• Task requirements
Task for the records below: please retype exactly and only the lines from the first through the one with "美シルエット オフィス フォーマルスーツ", with every picture omitted.
(Extracted data begins)
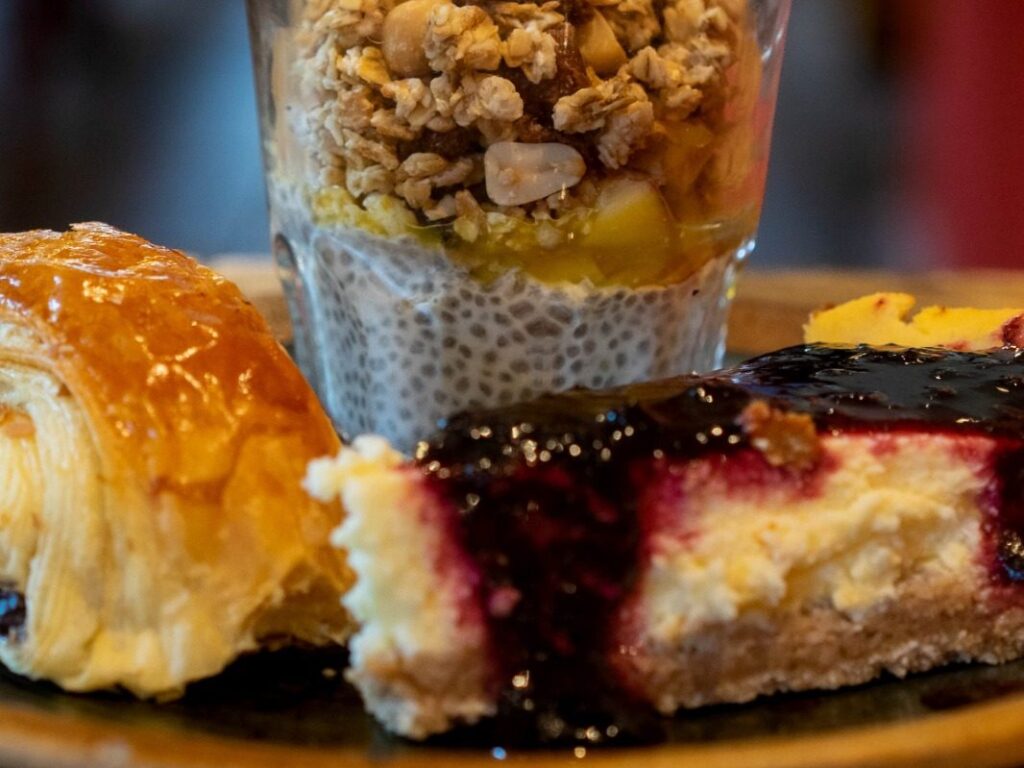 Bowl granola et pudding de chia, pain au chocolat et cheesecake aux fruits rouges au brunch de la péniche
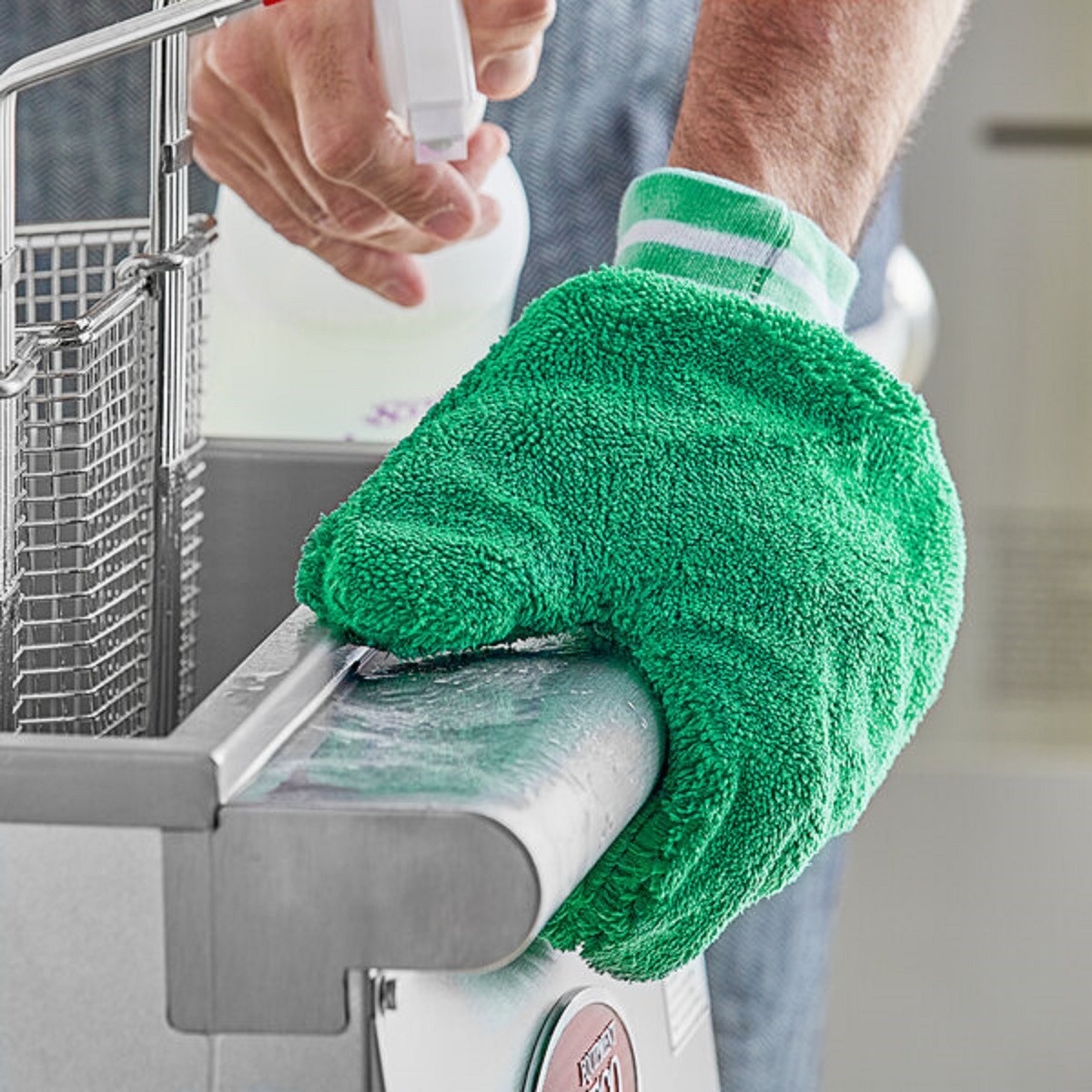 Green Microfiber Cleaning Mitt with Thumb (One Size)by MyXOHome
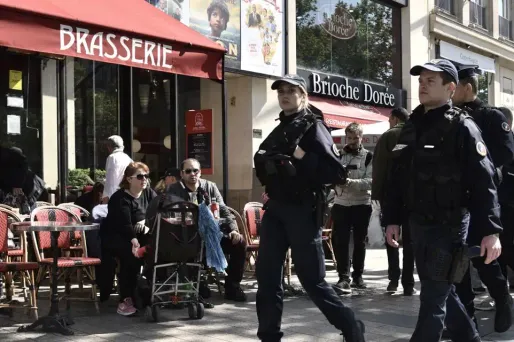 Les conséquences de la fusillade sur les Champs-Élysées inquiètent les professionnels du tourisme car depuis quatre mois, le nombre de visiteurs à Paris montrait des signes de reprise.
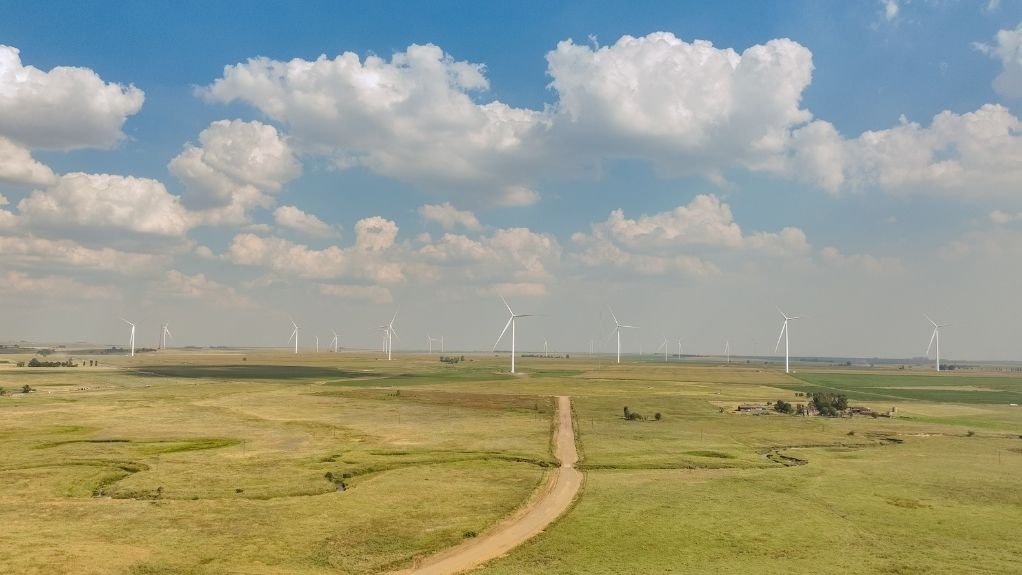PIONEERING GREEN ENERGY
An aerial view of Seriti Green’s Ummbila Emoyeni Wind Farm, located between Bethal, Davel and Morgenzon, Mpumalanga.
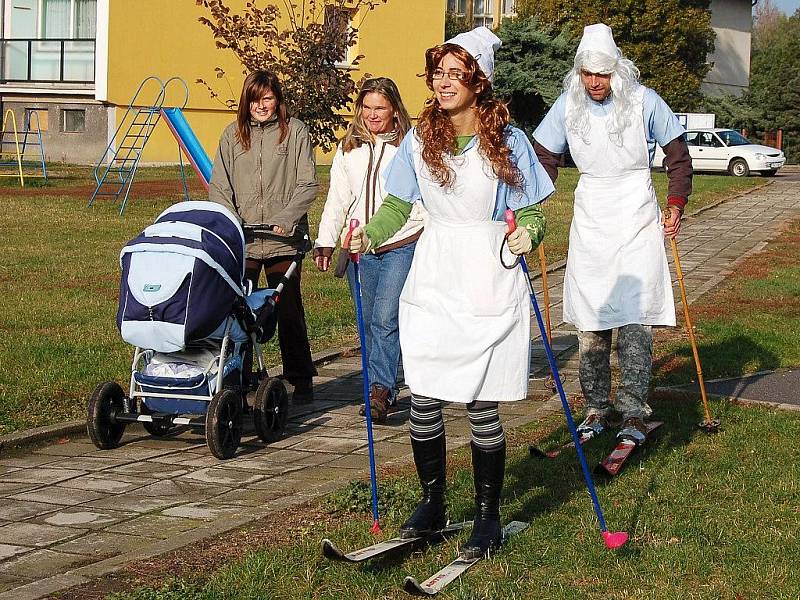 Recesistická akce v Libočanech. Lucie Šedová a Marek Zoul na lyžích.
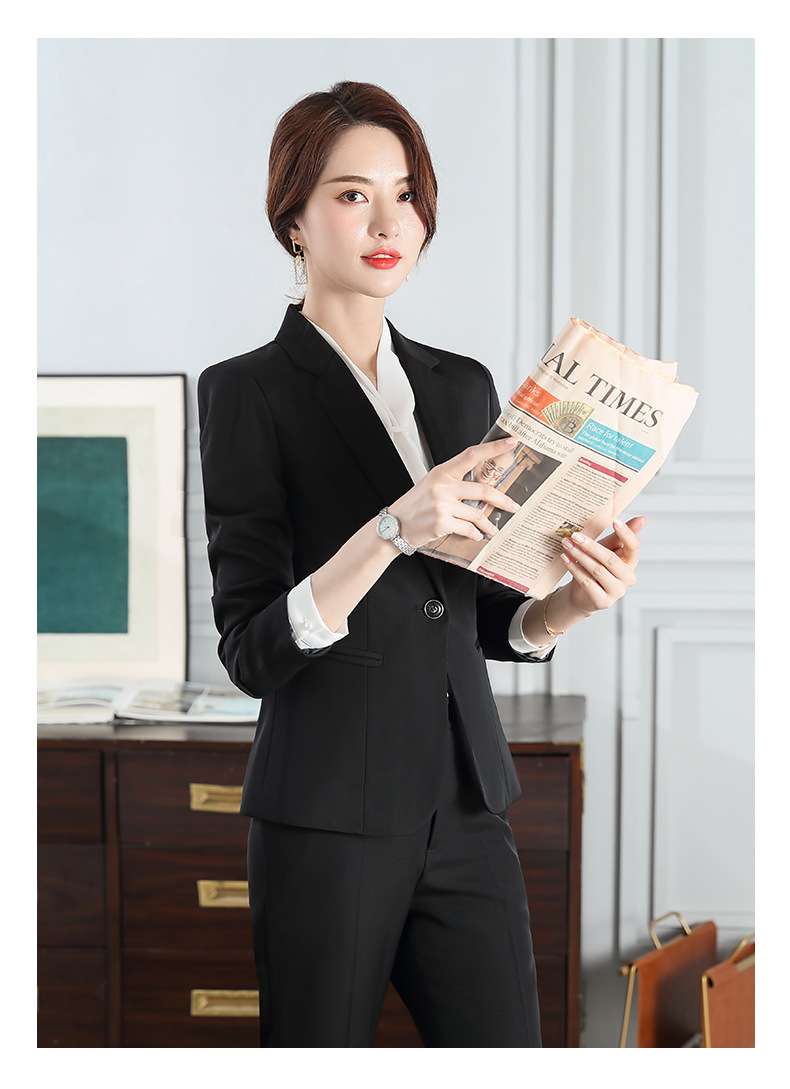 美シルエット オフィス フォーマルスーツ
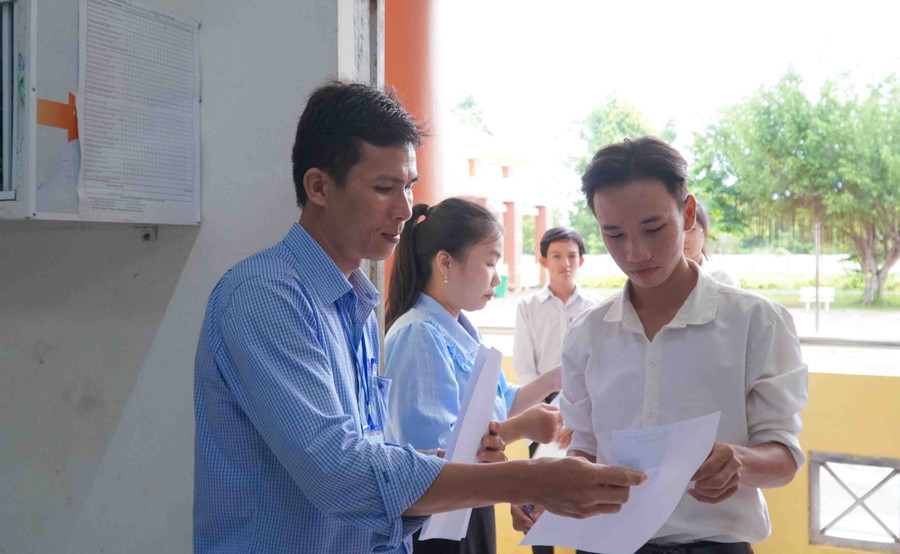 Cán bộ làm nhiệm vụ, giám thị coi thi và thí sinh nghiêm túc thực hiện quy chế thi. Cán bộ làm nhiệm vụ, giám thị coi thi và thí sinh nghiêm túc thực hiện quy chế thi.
(Extracted data ends)
• Exercise result
 Bowl granola et pudding de chia, pain au chocolat et cheesecake aux fruits rouges au brunch de la péniche
 Green Microfiber Cleaning Mitt with Thumb (One Size)by MyXOHome
 Les conséquences de la fusillade sur les Champs-Élysées inquiètent les professionnels du tourisme car depuis quatre mois, le nombre de visiteurs à Paris montrait des signes de reprise.
PIONEERING GREEN ENERGY
An aerial view of Seriti Green’s Ummbila Emoyeni Wind Farm, located between Bethal, Davel and Morgenzon, Mpumalanga.
 Recesistická akce v Libočanech. Lucie Šedová a Marek Zoul na lyžích.
 美シルエット オフィス フォーマルスーツ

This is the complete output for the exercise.